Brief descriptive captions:

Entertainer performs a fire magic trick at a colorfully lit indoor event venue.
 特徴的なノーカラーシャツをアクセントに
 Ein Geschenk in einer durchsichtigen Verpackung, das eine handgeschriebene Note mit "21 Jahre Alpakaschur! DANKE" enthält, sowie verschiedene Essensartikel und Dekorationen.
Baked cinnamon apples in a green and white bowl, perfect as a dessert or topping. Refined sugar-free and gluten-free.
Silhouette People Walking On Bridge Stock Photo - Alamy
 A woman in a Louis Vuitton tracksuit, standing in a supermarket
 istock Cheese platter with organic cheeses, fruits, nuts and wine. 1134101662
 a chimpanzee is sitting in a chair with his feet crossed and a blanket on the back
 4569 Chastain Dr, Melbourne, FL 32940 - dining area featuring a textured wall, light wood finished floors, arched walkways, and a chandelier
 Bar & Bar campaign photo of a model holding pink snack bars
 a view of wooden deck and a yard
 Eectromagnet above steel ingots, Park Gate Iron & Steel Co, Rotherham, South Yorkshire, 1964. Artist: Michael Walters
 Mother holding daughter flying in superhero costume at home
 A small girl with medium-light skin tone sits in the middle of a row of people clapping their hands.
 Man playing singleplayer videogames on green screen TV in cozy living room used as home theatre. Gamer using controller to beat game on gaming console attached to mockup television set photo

*PROBLEM STATEMENT*. An exact copy of the lines above, from the one containing "a chimpanzee is" down to the one containing "4569 Chastain Dr, Melbourne, FL" and including both, is the whole answer; retype it and nothing else.

*TASK OUTPUT*.
 a chimpanzee is sitting in a chair with his feet crossed and a blanket on the back
 4569 Chastain Dr, Melbourne, FL 32940 - dining area featuring a textured wall, light wood finished floors, arched walkways, and a chandelier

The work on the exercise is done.